Sebelumnya, Atalia mengungkap jika kasus ini sudah diketahui dan ditangani pihaknya sejak Mei lalu. Namun pernyataan ini, dinilai banyak pihak dan netizen sebagai upaya menutupi kasus.
“Sesungguhnya, saya sangat memahami kemarahan netizen terhadap kondisi ini,” ujar Atalia dalam keterangan resmi, Senin (14/12).
Atalia pun menjelaskan, sejumlah klarifikasi untuk menjawab tudingan keras tersebut. Pertama, Polda Jabar, UPTD PPA Jabar, P2TP2ZA kota kabupaten, kejaksaan tinggi, LPSK, dan lain-lain telah bekerja dengan profesional sejak ditemukannya kasus ini.
“Penjangkauan, pemeriksaan, pendampingan, trauma healing dll bagi korban dan proses hukum bagi pelaku sudah dilakukan, bahkan saat ini persidangan telah digelar untuk yang ke 6 kalinya. Untuk itu saya menghaturkan terima kasih yang sebesar-besarnya,” paparnya.
Atalia pun membantah, tudingan soal menutupi kasus tersebut. Menurutnya, untuk menghindari predikat pahlawan kesiangan dan cari sensasi, Atalia lebih memilih fokus pada pemulihan kondisi para korban.
“Saya tidak menutupi kasus ini dari media maupun publik. Tidak mengekspos bukan berarti menutupi. Sebagai Bunda Forum Anak Daerah Jabar, tugas saya memastikan para korban usia anak ini mendapat haknya dan mendapatkan perlindungan terbaik sesuai dengan UU Perlindungan Anak. Fokus pada solusi bukan sensasi,” paparnya.
Atalia menilai, dinamika yang berkembang saat ini, dengan gencarnya pemberitaan di media massa dan media sosial seperti yang pihaknya khawatirkan, patut disayangkan.
“Karena tiba- tiba ada banyak pihak yang berusaha mencari identitas dan mendekati para korban/orang tuanya untuk menggali cerita mereka, mengusik kembali hidup mereka,” katanya.
Atalia meminta, semua pihak perlu memperhatikan kondisi psikologis para korban dan orangtua mereka. Ada 5 korban yang belum sekolah dan 3 korban dikeluarkan dari sekolah karena diketahui telah memiliki anak.

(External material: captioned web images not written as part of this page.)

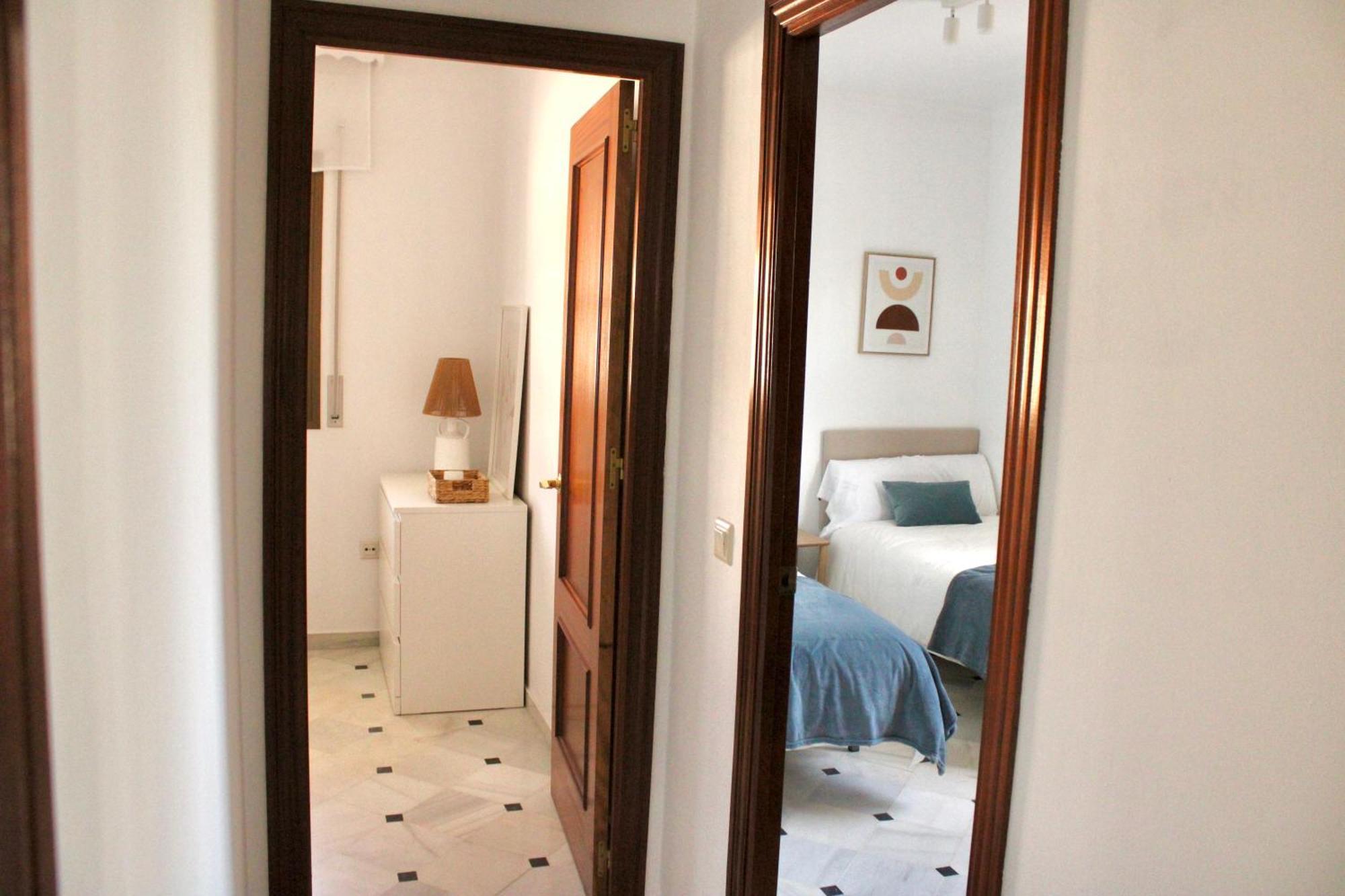 Appartement Atico Centro Y Playa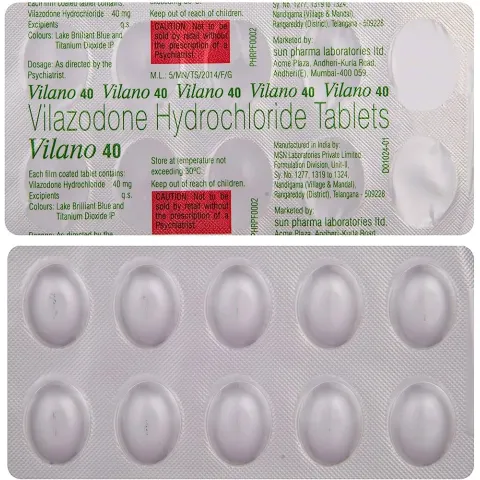 Vilano 40 Tablet product image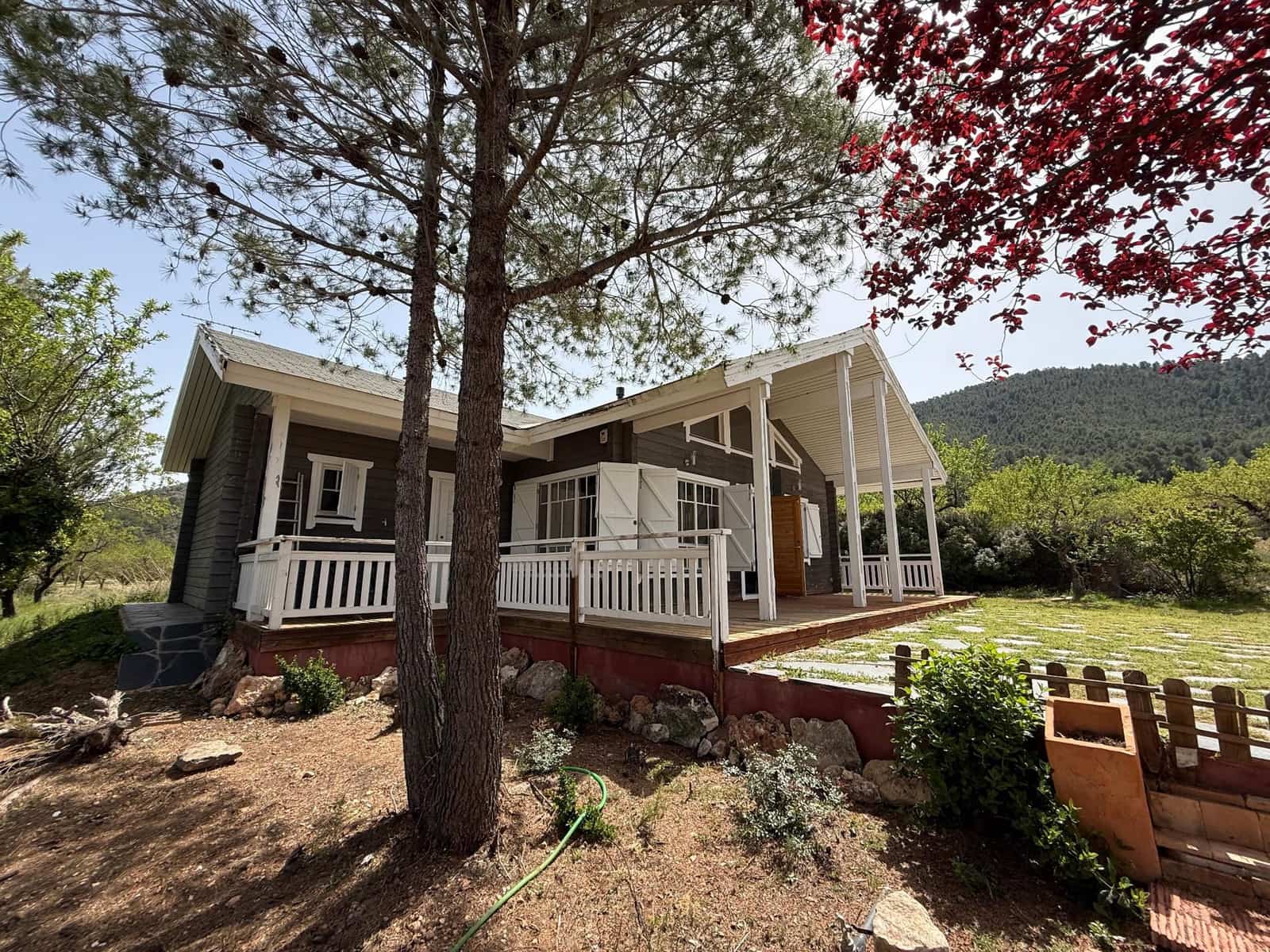 3 sypialnia Finka/Dom wiejski na sprzedaż w Bullas z basenem - 208 000 € (Ref: 9770824)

“Kondisi mereka yang awalnya sudah mulai menerima keadaan, kini kembali cemas dan trauma. Bahkan ada yang ingin keluar dari sekolah dan pindah dari kampung halamannya,” katanya.
Menurut Atalia, perlindungan bagi korban, termasuk dari pemberitaan, penting. Agar korban lain pada kasus lain, berani melapor.

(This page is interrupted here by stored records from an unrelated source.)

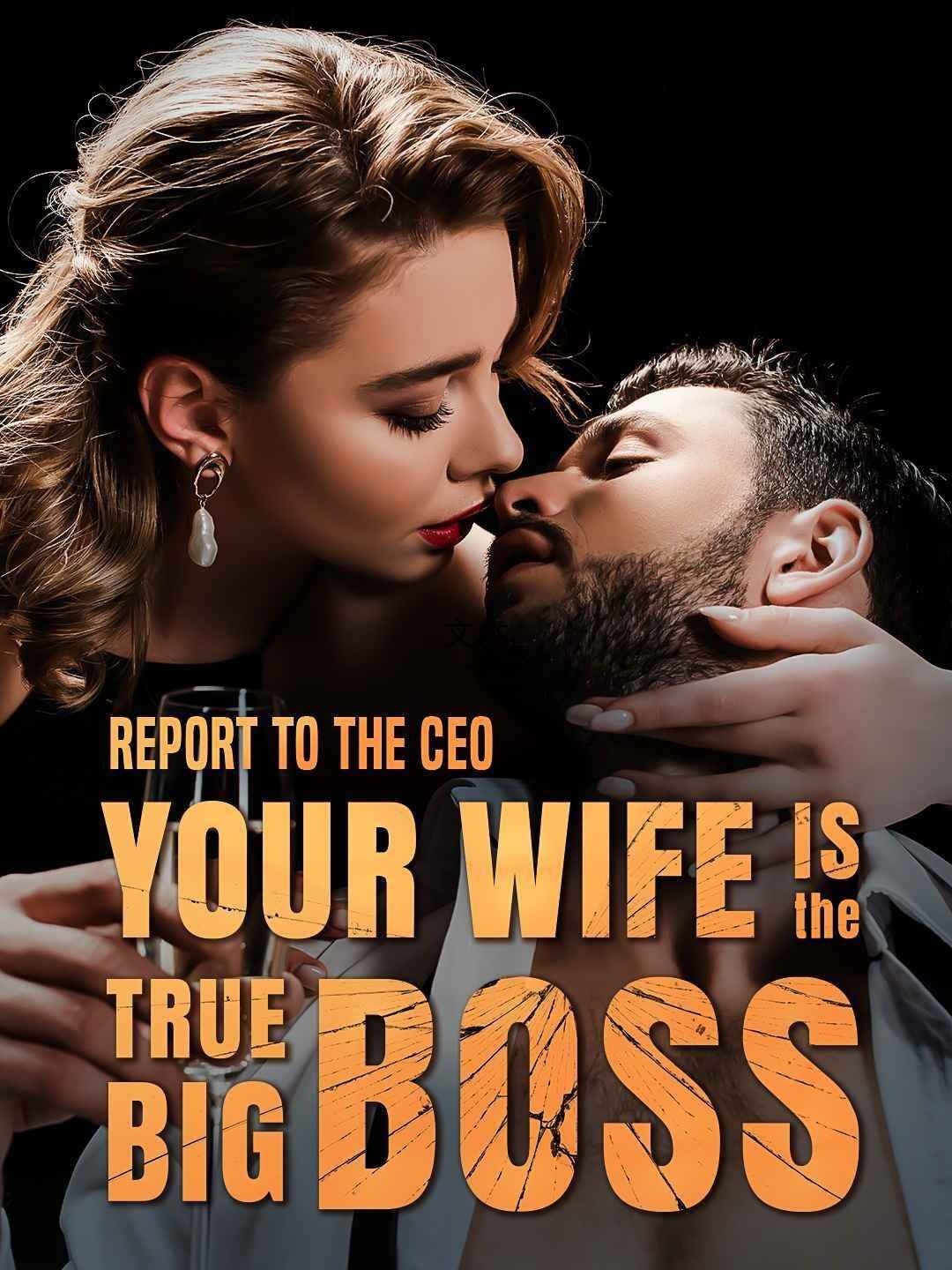 aporkan ke CEO - Istri Anda adalah Bos Sejati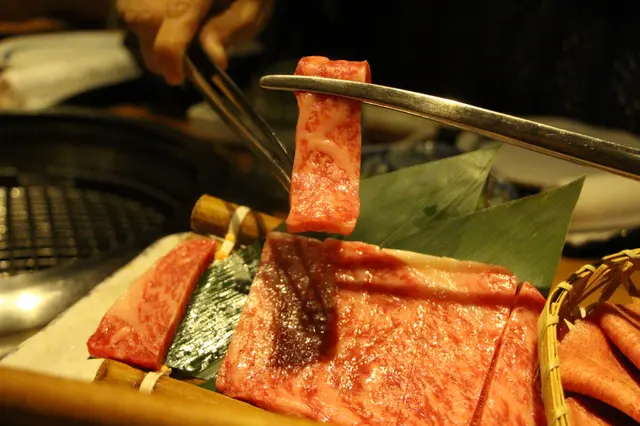 精選日本產和牛肉眼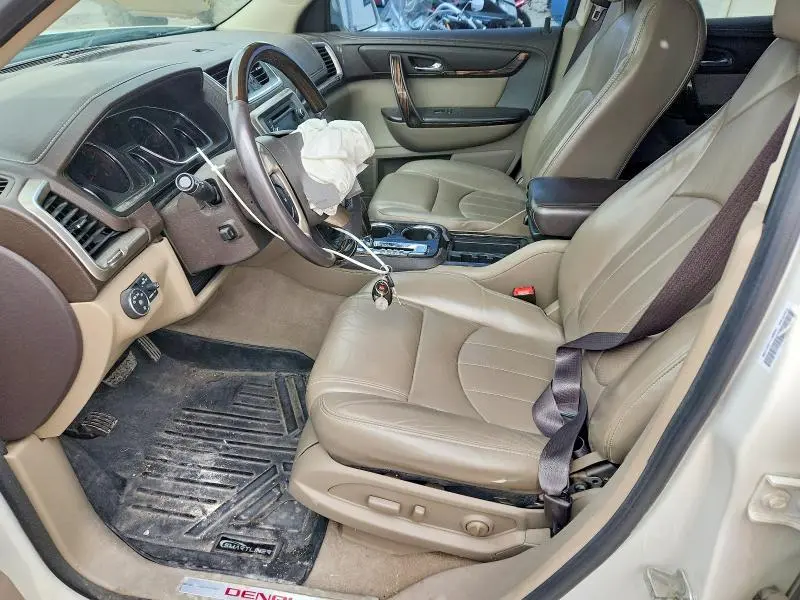 2013 GMC ACADIA DENALI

“Sampai saat ini saya telah berkoordinasi dengan banyak pihak memastikan langkah cepat dan paling aman agar para korban dibawah umur ini mendapatkan hak periindungan sesuai dengan UU Perlindungan Anak, memastikan masa depannya, pendidikannya serta pengakuan hukum atas bayi yang dilahirkannya,” paparnya.
Atalia juga mengajak semua pihak, baik masyarakat maupun media massa untuk bersama-sama saling membantu memberikan rasa aman pada korban dengan fokus pada hukuman berat bagi pelaku. Sehingga, hal biadab seperti ini tidak terjadi lagi.